As the micro-lending mania flourished, I thought that this too would pass. Like so many faddish schemes of the past, I saw micro-lending as one more fashionable way to turn liberal eyes away from the true causes of poverty in the developing world. Instead of dealing with the legacy of colonialism and the continuing pillage of imperialism, micro-leading gives comfortable people in the West a guilt-cleanser, a measure of smug acknowledgement – like the once popular “CARE” packages – that poverty was being whipped. It is certainly less costly than repaying the teeming masses for centuries of exploitation, brutal domination, and neglect. And I was well aware of the argument that a mere $200 micro-loan could help a poor villager establish a bicycle shop. But I wondered how the other villagers could rise from poverty by also setting up bicycle shops.

But lurking in all the palaver over micro-loans was the interesting micro-fact: lenders generally charged between 25 to 100% annual interest. Now I don’t know what village loan sharks charge, but my imagination stretches to envision their pushing much beyond these bounds. Granted, their collection methods might be considerably more severe than the beneficent micro-lender. To my mind, the micro-lending mania produced the aura of the pay-day loan shops that prey upon the working poor in the US.

But the micro-lending phenomena proved to be more than a passing fad. Today in India, one of the largest “markets” for micro-loans, there are more than 25 million borrowers and loans total well over 200 billion rupees. Total loans have grown nearly six times in three years. Banks and private equity firms have plowed over $4 billion this year into what has become a significant industry. The largest micro-lending firm recently offered $350 million in shares on the Indian stock market, according to The Wall Street Journal (10-29-10). Capitalism has discovered micro-lending.

Whatever noble intentions may have spurred the micro-lending movement, it was quickly stripped of any such sentiments when the financiers discovered it. Like efforts in the US to encourage low-income home ownership, the financial predators saw only profit. And they leaped at it, pushing the limits as far as the last dollar (or rupee) of profits could be squeezed out. The parallel between this exploitation of the most vulnerable in India and our own tragic exploitation of the poor through sub-prime mortgages is glaringly apparent.

It took a rash of suicides by borrowers to bring these abuses to the attention of Indian government regulators. The headlines in The Wall Street Journal tell it all: India’s Major Crisis in Microlending: Loans Involving Tiny Amounts of Money Were a Good Idea, but the Explosion of Interest Backfires (10-29-10), Backlash in Microlending (10-30-10). All debt payments have been suspended by the authorities and loan agents have been arrested in the Indian state burdened with 30% of the country’s micro-loans, leading WSJ writers to conclude that “the microlending movement… has in recent weeks fallen into chaos.” Once again financial predations result in chaos and crisis, a pattern that only escapes those willfully blind or cornered by self-interest.

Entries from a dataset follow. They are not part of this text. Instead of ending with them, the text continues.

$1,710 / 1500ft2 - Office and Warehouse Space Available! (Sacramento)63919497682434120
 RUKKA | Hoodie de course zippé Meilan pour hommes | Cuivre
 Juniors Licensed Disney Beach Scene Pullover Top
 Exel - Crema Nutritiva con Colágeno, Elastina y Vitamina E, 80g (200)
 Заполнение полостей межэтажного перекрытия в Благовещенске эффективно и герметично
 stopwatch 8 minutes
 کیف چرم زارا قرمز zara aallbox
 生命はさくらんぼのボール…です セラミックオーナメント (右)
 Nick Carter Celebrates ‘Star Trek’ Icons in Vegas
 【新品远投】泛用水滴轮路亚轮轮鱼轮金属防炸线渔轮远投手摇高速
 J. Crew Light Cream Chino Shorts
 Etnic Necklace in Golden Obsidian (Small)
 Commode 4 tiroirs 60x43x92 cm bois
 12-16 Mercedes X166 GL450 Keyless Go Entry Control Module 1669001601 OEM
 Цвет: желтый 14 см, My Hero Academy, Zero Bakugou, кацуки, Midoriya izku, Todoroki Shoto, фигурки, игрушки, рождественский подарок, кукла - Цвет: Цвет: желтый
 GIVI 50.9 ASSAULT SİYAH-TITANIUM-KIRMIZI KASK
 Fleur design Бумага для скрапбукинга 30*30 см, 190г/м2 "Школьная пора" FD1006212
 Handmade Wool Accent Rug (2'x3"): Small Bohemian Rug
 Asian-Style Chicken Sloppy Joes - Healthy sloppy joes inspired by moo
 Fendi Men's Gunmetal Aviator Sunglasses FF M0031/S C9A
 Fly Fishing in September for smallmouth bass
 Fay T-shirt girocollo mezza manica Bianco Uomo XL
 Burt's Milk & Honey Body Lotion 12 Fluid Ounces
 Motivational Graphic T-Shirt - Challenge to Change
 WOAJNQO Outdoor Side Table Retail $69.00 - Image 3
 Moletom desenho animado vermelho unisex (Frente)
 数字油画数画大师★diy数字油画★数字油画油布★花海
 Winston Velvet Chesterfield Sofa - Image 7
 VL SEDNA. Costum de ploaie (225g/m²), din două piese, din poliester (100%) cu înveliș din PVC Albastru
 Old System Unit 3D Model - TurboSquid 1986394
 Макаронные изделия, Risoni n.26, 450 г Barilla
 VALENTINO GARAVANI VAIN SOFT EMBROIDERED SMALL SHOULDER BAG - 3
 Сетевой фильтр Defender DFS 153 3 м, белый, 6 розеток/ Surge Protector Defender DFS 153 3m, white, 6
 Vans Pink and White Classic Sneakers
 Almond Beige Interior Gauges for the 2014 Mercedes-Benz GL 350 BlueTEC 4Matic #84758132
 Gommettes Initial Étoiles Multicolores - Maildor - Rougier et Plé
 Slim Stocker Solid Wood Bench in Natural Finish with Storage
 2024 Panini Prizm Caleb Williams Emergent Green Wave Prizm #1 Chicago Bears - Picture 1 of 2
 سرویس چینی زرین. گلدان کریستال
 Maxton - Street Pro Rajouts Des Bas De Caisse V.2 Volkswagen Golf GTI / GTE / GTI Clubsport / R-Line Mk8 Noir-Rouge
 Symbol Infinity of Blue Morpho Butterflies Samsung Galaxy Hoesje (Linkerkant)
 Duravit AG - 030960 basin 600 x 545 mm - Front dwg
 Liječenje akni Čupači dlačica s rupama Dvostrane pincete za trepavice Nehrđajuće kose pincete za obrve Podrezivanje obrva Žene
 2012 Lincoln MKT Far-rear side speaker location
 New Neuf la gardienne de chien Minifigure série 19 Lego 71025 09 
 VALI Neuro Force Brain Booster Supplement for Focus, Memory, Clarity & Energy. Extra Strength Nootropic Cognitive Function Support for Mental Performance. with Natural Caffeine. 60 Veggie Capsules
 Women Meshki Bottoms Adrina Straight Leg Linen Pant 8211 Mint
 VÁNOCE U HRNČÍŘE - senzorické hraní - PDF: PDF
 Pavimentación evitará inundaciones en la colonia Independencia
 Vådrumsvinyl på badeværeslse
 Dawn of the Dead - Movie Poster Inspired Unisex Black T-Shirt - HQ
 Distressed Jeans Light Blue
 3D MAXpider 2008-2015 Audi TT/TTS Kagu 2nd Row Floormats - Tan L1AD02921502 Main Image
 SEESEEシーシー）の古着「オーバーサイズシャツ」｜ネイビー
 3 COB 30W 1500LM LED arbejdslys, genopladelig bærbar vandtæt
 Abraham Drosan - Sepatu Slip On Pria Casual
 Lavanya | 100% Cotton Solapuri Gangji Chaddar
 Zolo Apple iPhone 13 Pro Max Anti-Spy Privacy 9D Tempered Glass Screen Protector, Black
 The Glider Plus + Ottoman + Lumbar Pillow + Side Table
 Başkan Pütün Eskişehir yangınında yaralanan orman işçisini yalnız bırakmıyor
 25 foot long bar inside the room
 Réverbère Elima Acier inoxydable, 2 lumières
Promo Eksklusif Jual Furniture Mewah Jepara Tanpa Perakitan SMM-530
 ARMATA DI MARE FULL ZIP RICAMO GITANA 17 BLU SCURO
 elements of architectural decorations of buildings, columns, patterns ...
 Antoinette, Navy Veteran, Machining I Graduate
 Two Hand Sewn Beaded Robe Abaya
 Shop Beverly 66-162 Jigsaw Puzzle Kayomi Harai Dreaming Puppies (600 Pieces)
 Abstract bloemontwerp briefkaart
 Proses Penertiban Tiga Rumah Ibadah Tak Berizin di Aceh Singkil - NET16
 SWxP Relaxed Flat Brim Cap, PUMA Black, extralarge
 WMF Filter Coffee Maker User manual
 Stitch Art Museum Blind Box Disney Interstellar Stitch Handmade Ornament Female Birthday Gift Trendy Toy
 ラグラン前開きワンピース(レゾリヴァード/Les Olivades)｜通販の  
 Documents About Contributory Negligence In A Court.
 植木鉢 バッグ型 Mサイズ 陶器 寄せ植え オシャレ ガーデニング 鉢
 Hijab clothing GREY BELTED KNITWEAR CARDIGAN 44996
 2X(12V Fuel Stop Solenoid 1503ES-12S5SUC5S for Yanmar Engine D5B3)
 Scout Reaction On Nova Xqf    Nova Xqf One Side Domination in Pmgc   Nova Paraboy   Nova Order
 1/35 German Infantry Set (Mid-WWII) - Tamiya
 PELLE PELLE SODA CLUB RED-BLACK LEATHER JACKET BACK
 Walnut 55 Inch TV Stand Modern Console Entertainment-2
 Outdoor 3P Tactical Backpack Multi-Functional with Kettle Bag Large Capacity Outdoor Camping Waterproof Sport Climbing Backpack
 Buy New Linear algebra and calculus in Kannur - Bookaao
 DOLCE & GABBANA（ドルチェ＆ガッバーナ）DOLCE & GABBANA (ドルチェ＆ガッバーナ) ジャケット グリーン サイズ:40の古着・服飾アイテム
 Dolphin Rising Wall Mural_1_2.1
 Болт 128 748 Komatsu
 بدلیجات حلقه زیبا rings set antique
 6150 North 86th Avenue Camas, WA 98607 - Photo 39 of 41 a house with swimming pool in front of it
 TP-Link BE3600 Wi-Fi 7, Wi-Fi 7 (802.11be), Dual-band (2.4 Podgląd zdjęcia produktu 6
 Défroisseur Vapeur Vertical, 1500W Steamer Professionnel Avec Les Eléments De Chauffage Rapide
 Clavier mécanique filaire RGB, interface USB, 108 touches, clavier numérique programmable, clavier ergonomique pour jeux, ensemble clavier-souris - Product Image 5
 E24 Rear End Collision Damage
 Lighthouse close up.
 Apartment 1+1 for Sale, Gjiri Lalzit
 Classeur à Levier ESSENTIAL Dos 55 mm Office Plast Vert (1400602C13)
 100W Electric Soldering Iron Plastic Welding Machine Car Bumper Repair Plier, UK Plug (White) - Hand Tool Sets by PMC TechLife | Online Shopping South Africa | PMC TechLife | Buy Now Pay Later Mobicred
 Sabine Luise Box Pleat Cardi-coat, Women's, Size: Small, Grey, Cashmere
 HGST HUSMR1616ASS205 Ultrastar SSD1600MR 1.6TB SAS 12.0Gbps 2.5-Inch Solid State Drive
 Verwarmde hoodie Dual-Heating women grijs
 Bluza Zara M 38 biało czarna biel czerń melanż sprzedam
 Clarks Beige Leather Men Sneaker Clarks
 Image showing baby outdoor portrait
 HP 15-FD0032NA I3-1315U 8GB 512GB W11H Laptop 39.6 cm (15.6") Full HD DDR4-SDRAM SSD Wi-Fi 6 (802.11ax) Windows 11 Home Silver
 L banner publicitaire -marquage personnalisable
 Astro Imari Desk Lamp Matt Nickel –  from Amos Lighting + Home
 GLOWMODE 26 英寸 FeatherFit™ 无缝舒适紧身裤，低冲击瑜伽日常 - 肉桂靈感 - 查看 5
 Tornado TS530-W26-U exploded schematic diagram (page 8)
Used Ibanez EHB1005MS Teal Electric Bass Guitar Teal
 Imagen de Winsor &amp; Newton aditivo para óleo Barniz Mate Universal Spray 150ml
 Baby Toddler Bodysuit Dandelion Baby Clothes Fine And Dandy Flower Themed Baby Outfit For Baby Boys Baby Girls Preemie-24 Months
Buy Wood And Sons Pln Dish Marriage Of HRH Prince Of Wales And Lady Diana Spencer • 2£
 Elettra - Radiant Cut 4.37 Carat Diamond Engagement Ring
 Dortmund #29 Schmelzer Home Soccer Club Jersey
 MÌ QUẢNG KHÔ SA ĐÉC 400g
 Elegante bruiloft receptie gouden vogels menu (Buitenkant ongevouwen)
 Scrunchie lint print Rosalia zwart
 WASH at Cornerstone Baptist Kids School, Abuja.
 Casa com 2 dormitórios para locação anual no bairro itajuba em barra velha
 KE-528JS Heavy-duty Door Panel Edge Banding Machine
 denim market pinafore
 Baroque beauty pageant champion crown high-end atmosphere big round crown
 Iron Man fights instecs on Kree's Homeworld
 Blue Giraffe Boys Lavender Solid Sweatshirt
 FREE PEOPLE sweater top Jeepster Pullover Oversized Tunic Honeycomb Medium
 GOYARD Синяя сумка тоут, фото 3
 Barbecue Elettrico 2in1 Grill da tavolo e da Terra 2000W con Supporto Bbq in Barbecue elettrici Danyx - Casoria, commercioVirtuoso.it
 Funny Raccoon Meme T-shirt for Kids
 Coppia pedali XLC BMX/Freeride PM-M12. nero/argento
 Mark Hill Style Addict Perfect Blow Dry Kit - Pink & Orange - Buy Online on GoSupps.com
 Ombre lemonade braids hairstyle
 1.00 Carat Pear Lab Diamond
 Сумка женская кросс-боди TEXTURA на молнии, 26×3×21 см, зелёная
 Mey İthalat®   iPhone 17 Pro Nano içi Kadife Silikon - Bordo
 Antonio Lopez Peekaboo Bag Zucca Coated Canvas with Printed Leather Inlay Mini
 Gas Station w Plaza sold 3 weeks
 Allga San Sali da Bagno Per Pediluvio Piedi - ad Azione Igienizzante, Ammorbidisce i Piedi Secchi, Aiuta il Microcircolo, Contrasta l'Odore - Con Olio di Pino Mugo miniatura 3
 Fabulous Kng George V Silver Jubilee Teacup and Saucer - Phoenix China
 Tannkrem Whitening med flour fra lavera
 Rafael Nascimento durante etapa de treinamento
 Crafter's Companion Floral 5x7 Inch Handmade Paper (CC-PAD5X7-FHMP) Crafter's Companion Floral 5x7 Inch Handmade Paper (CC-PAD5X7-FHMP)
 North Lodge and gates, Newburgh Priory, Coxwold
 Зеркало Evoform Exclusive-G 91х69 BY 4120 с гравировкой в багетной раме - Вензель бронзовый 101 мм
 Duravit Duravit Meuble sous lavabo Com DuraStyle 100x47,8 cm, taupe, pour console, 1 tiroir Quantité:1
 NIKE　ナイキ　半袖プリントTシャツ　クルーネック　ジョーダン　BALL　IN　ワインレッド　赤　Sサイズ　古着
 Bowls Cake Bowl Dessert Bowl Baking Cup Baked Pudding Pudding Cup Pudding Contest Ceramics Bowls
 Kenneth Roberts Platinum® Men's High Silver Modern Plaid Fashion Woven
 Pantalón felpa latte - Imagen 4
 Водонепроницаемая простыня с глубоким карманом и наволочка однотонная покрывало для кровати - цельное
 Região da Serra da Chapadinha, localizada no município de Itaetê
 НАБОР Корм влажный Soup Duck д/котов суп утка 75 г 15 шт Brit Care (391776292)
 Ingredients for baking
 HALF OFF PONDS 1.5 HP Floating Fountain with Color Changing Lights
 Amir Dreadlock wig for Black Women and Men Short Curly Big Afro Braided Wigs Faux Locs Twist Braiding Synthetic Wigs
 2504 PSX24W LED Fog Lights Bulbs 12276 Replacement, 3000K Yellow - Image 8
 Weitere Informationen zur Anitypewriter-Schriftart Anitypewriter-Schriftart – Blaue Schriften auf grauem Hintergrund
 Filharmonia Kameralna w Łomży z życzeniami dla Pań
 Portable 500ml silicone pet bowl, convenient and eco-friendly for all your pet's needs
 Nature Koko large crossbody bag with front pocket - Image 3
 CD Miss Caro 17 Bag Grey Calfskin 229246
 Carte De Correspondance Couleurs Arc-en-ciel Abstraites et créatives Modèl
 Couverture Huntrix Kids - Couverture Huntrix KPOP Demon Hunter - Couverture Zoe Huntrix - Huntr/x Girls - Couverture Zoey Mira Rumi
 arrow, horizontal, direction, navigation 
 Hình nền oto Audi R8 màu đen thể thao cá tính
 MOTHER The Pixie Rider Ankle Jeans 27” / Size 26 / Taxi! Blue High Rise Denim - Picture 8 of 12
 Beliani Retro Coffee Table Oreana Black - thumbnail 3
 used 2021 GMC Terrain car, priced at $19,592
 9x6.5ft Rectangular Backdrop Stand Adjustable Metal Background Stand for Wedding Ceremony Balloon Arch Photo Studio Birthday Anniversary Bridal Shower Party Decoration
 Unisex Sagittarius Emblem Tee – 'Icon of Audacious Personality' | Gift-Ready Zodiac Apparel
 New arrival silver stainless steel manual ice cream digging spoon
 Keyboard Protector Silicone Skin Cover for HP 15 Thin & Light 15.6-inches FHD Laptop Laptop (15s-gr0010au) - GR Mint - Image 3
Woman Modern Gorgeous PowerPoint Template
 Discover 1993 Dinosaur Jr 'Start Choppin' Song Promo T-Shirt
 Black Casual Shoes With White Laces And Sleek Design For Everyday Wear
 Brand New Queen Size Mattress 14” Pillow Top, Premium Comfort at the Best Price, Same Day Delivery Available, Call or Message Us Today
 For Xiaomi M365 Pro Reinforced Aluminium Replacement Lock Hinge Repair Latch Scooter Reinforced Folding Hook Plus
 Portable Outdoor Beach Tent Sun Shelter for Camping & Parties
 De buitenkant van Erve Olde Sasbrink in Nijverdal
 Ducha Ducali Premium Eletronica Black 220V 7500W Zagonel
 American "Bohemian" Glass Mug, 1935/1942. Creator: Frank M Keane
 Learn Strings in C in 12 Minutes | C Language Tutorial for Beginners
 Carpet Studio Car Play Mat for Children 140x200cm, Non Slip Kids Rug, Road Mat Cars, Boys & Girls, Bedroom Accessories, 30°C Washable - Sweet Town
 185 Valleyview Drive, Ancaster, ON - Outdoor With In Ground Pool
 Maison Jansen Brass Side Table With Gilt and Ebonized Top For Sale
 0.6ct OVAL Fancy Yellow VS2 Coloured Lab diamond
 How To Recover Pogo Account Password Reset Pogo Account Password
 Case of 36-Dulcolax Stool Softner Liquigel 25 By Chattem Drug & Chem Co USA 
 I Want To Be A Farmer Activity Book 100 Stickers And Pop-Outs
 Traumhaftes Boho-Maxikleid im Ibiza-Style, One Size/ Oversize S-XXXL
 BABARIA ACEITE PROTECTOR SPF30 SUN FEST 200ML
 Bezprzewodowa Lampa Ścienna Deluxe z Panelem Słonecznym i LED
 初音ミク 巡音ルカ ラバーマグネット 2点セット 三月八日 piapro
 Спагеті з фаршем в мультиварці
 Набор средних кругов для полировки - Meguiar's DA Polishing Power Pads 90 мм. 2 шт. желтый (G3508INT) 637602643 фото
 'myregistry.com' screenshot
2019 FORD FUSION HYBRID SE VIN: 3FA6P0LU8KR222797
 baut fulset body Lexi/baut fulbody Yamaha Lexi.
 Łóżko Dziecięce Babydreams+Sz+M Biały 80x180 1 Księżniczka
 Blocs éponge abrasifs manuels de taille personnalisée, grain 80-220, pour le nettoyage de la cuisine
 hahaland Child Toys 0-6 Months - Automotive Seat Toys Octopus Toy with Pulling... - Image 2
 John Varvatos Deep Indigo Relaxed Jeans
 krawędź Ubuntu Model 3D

The naked truth is that lending, like insuring, is a socially useful function if and only if it is democratically administered and publicly sustained. There is no rational or moral justification for engaging private interests. A disinterested public administrator armed with default data, an available loan fund, and a reasonable sense of social priorities and judgment of character could dispense loans untainted by the distraction of profits. Profits only distort the rationality or efficiency of this necessary social function.

The same could be said of insurance. Armed with actuarial tables (usually assembled from data collected from government agencies), a schedule of costs and benefits can be constructed by a competent statistician. It is an easy step to fairly and equitably distributing these costs and benefits in the most efficient and democratic way. Again there is no justification for introducing private gain into this process. It’s only an invitation to chaos and crisis.

It’s time to drive the money lenders from the temple.